Today we are going to sew a basic sewing project, an envelope style pillow. I have made a few different kinds of pillow covers before, but I really like this style both in looks and because it is easy to construct.
WHAT WILL I NEED
As I mentioned above. This sewing project is pretty basic. You only need a few supplies and about 15-20 minutes of time before you have a completed set of pillows.
- Fabric | Try to choose something with a little bit of weight when choosing your fabrics. Scan the clearance sections for great deals on quality fabrics. The cream and black striped fabric pictured above was only $7 a yard. With a yard + a half and some left over I was able to make 2 20×20 pillows and a lumbar pillow. Just try not to get too thin of a fabric otherwise it just looks sort of cheap in my opinion.
- Sewing Machine | A basic one will do, I have bottom of the line, nothing fancy and it gets the job done. You’re only sewing straight lines so you don’t need anything intricate.
- Coordinating Thread
- Iron | You definitely want to press your fabric before sewing. This is an important step you should not skip.
- Pins + a clip or close pin
- Tape measure
- Your pillow form for reference.
CUTTING YOUR FABRIC
Begin by washing and drying your fabric if you plan on washing it and drying it in the future. Press your fabric with an iron and lay it out on your work surface. You fabric size will depend on the size of your pillow.

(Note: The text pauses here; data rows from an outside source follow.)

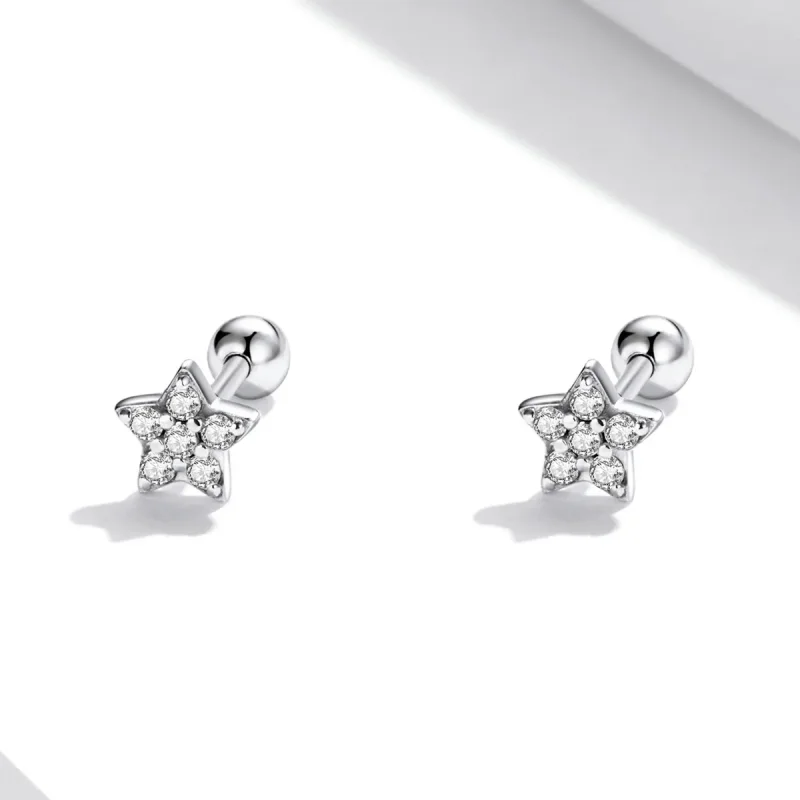 (image for) Pandora Style Shining Star Stud Earrings - SCE1297 - View 2
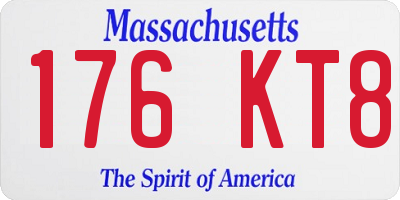 MA license plate 176KT8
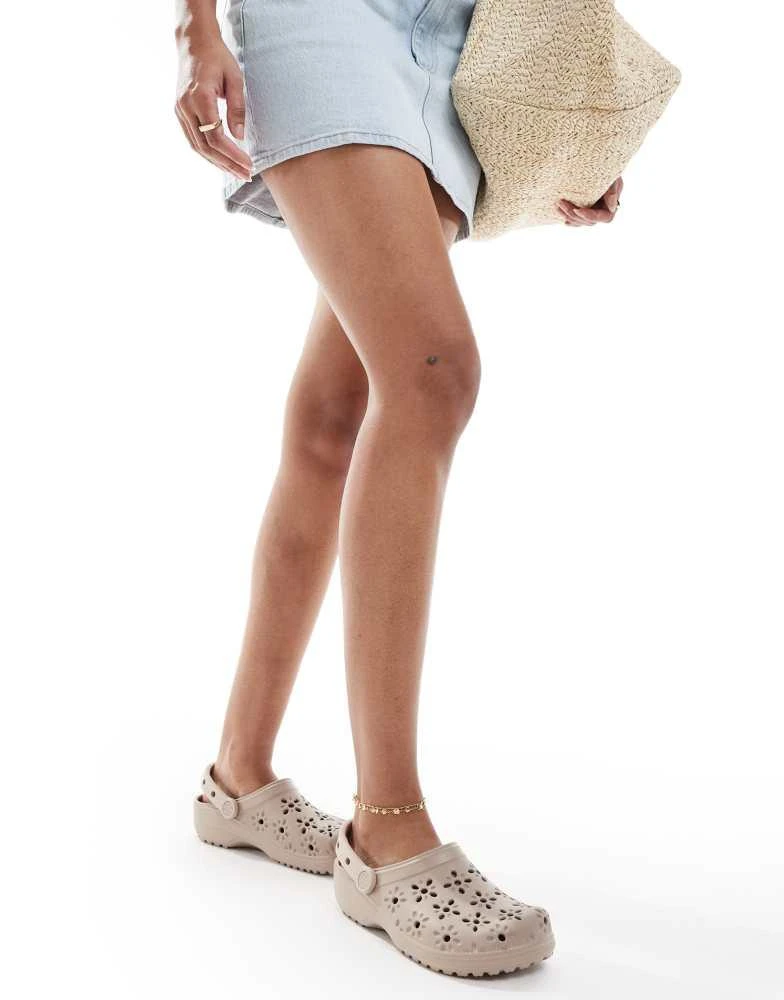Crocs Crocs Classic floral cut out clogs in taupe 1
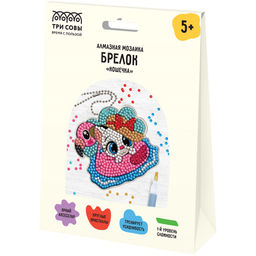 Алмазная мозаика 9,5*8,5см "Брелок. Кошечка" (АМБ_48254, "ТРИ СОВЫ") частичное заполнение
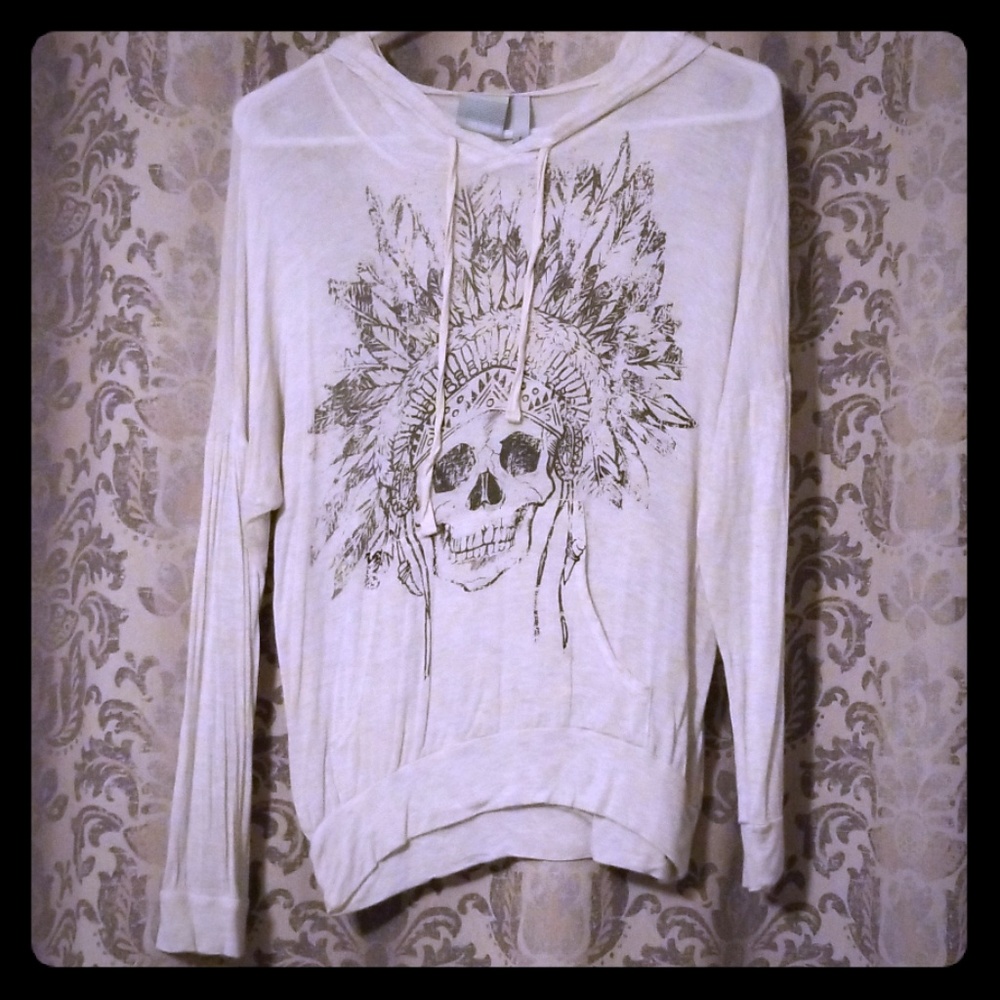 Cream colored tribal skull hoodie🦋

For mine I used a 20×20 pillow form. So my fabric size was 20 x 2 + 6 = 46 inches long by 20 inches wide. I cut my fabric 20 inches wide because I wanted a snug fit you could add 1 inch for a 1/2 inch seam allowance] and 46 inches long. The envelope style overlaps the fabric in the back to create a pocket. For this reason you’ll need those 6 inches to create your pocket. If you’d like more of an overlap you can add up to 8 inches. so 20 x 2 + 8 = 48 inches. You would use this formula for any size you would be making
SEWING YOUR HEMS
Once you have your fabric measured and cut you’re going to hem the edges on the length of your fabric. Laying your fabric right side down (the backside of the fabric will be on top) you’re going to fold, press, and pin your hems then sew on the machine.
I have two different examples below showing the hems.
CONSTRUCTING YOUR PILLOW
Once your hems are sewn lay your fabric down right side up and find your center. I lay my pillow in the center and then fold the hem sides over the pillow to get an idea of where my overlap pocket will fall. Once you have it where you want it grab a clip or a clothes pin and clip the top and slowly pull your pillow form out. Pin everything in place and now you can sew your pillow.
Once your sides are sewn, I recommend going around the edge with a zigzag stitch to keep from fraying and then clip your corners. Clipping the corners gives you sharper corners once your pillow is turn out.
Once you have sewn your sides and clipped your corners you are ready to flip your pillow right side out and stuff your pillow inside.
That is it! I told you it was easy. A little measuring, folding, pressing, pinning, hemming and viola you have yourself a brand new pillow.